The system is also capable of working with other applications. Users can set up a collaboration session on a document they are developing with another person for example and seamlessly access back-office data.
Another thing that makes unified communications special, advocates claim, is it works over any type of IP network and can be centrally managed via servers such as Microsoft's OCS.
"It can also hook into Outlook, Word docs, SAP workflow applications; it's just another server managed by the IT department," Bawcutt said.
For end-users, unified communications offers single logon and authentication to access all these various modes of communication.
Besides greater control over communications, Bawcutt cited one other benefit of unified communications that would be particularly appealing to IT managers: cost.
"This moves [communications] from hardware [such as PBXs] to software, where we can drive the cost out of it," Bawcutt said. "So we drive the cost down and new people are coming into the workplace who were raised on instant messaging.
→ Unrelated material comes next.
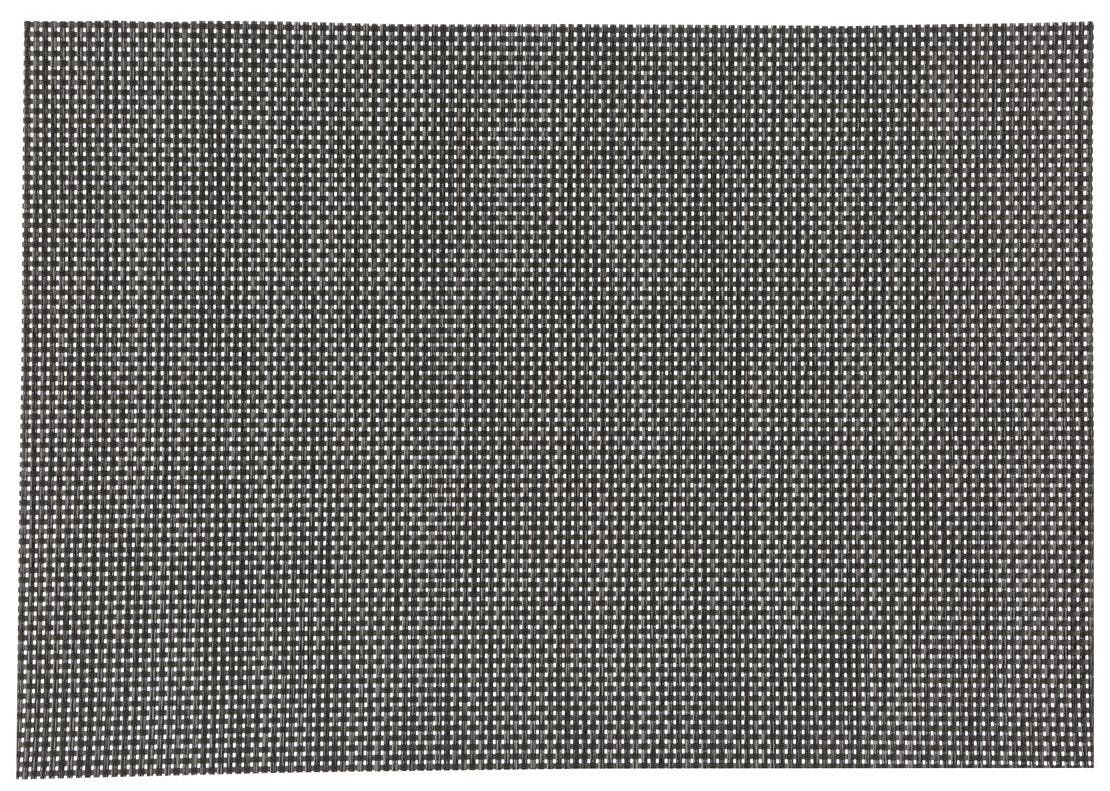 Set de table texaline rectangle 50 x 35,5 cm Noir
I think there's a perfect storm brewing here."
What's the holdup?
If this brave new world of unified communications will drive down costs, simplify use and administration of multiple types of communication and increase productivity, why aren't users rushing to the promised land more quickly? Even proponents like Bawcutt say unified communications will take a while to catch on.
"I think 2010 is the inflection point where we'll have 100 million [unified communications] users," he said. Speakers at Interop noted several other reasons this would take some time.
One important reason is the pervasiveness of legacy equipment such as PBXs. That's why, for instance, Microsoft's big announcement at Interop was that OCS now works with several PBXs from 12 high-visibility vendors. That marriage of new software and older-style PBX technology would start to give legacy systems more capabilities, Bawcutt said. But perhaps a bigger problem, speakers at two expert sessions at Interop said, was that the networks were still evolving to handle the increased IP traffic c - particularly in terms of voice and video - that unified communications portends.
Specifically, current-generation Wi-Fi networks aren't fast enough and don't provide quality of service to handle a lot of voice and media. 3G networks are still slow and aren't intrinsically IP based but, rather, are packet-switched networks. And next-generation wireless networks, such as mobile WiMax, are now starting to get off the ground and won't be a factor in the short-term.
When will it be ready?
"All these things go through growth curves with early adopters and then they take off more broadly," senior vice-president of operations at Soma Networks, Tom Flak, said in a panel discussion on the topic of personal mobile broadband. "But it'll be a number of years before we achieve [ubiquity]. It's here today, but it's not very widespread, and it's not standardised across operators."
In a session on the future of Wi-Fi, panelists agreed that Wi-Fi will eventually be more up to the task, particularly as 802.11n catches on both in its current draft form and after ratification of the standard, which is expected late next year.
"We view the WLAN as a perfect complement to 3G," standardisation manager at Nokia, Prabodh Varshney, said. "Voice is very big for us, and voice over Wi-Fi is something most users will appreciate."
But Varshney and other panelists agreed that before that happens widely, not only would 802.11n need to be ratified but related standards - such as one that would better manage how mobile information, including voice, was handed off from one Wi-Fi access point to another - must also be adopted.